David Campbell quickly texted out news of this superb find just after 2pm - congratulations to him, Nigel Sluman and Roy Weller for discovering Surrey's first record since 1884, and London's first for 18 years. I exited Rainham immediately and promptly ran into traffic on the nearby Dartford Crossing, before getting a clean run on the M25 and arriving at Canons Farm an hour or so later.
Thankfully, the Dotterel were still on show, though initially most of the birds were sitting in stubble and not overly showy. David was still on hand, as were Johnny Allan, Peter Alfrey and a surprisingly small crowd of onlookers; eventually the Dotterel got up and started feeding. I took these images from the public footpath along the side of the field, having seen that passing dog walkers and their charges were not alarming the birds in any way, and having checked with my fellow observers before approaching carefully. It was suggested that the flock comprised nine females and six males, though at least two of the duller birds may have been second-calendar-years (in which case perhaps they are not so straightforward to sex?).
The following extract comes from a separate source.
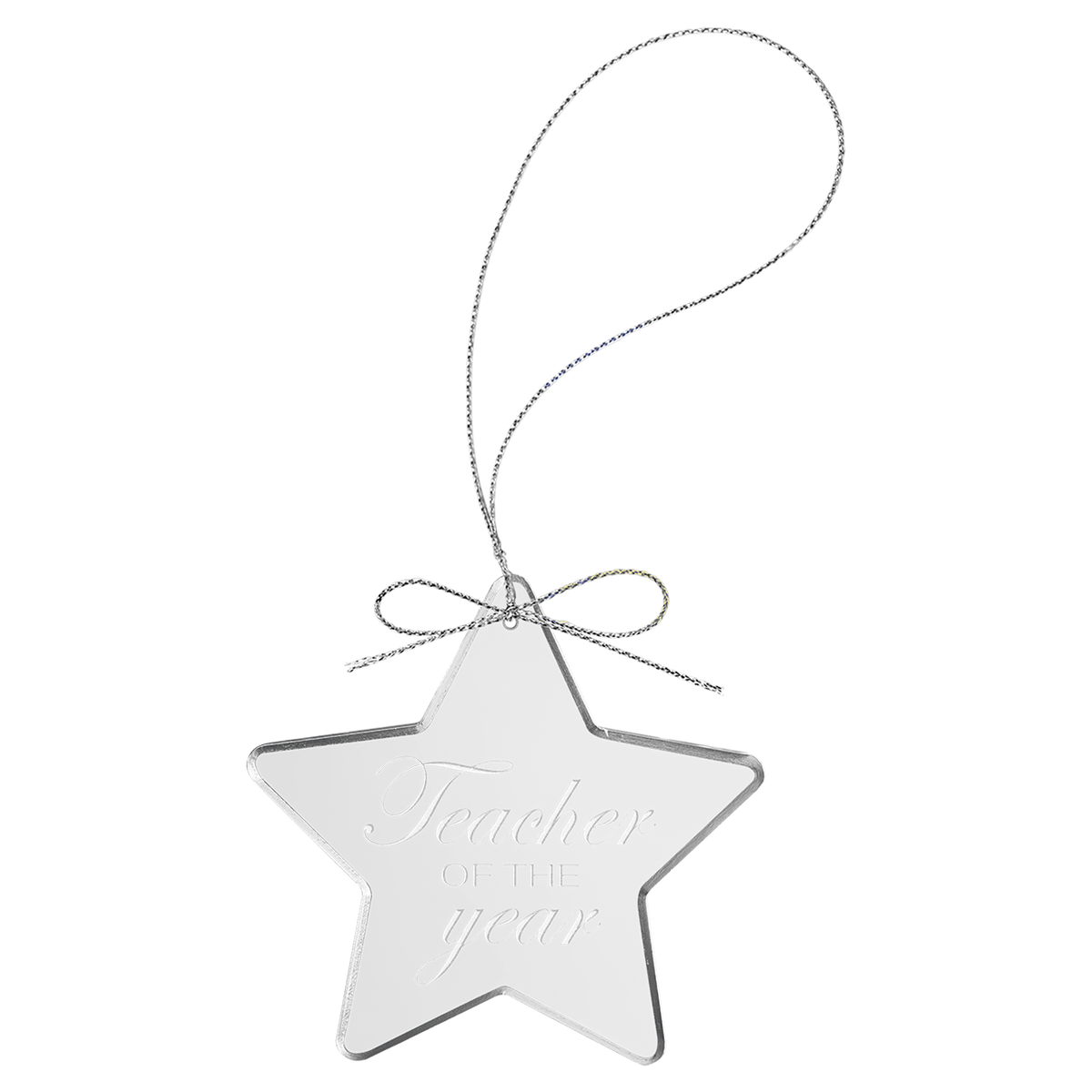Clear Glass Ornaments — Round, Oval and Star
Dotterel are a good find anywhere on migration. A rare breeder in Britain, it is thought that a high proportion of birds reach the breeding grounds without stopping (The Migration Atlas). Away from a very few regular (or formerly so) stop-over sites such as Black Peak Farm in Cambridgeshire and Pendle Hill, Lancs, inland birds are bordering on the exceptional, hence the absence of records in Surrey for 128 years. Only once have I been lucky enough to find a migrant, a single bird on Lundy, Devon, back in May 1991 when I was twitching the Ancient Murrelet there. The last London record closely matches this one, and involved a flock of 16 birds at London Colney on 7 May 1994; I wasn't able to get there then, so this grip-back has been a long time coming.